--- WHAT YOU SHOULD DO ---
If a line in the entries below includes "with", pick it out and copy it.

Top of EXCERPTED RECORDS

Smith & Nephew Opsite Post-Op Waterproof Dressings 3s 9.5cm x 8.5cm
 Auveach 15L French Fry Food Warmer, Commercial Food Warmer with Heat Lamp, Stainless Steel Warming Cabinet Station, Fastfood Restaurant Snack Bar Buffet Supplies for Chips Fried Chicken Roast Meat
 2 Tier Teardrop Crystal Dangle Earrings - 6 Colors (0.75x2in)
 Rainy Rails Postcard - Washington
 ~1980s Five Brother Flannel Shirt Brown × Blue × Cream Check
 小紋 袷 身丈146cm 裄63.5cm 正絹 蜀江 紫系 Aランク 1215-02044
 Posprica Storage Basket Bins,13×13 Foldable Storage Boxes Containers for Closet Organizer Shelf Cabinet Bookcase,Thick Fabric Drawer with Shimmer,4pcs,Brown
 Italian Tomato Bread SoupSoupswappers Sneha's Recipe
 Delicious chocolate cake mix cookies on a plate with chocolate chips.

Bottom of EXCERPTED RECORDS

--- SOLUTION FOR THIS PROBLEM ---
 Auveach 15L French Fry Food Warmer, Commercial Food Warmer with Heat Lamp, Stainless Steel Warming Cabinet Station, Fastfood Restaurant Snack Bar Buffet Supplies for Chips Fried Chicken Roast Meat
 Posprica Storage Basket Bins,13×13 Foldable Storage Boxes Containers for Closet Organizer Shelf Cabinet Bookcase,Thick Fabric Drawer with Shimmer,4pcs,Brown
 Delicious chocolate cake mix cookies on a plate with chocolate chips.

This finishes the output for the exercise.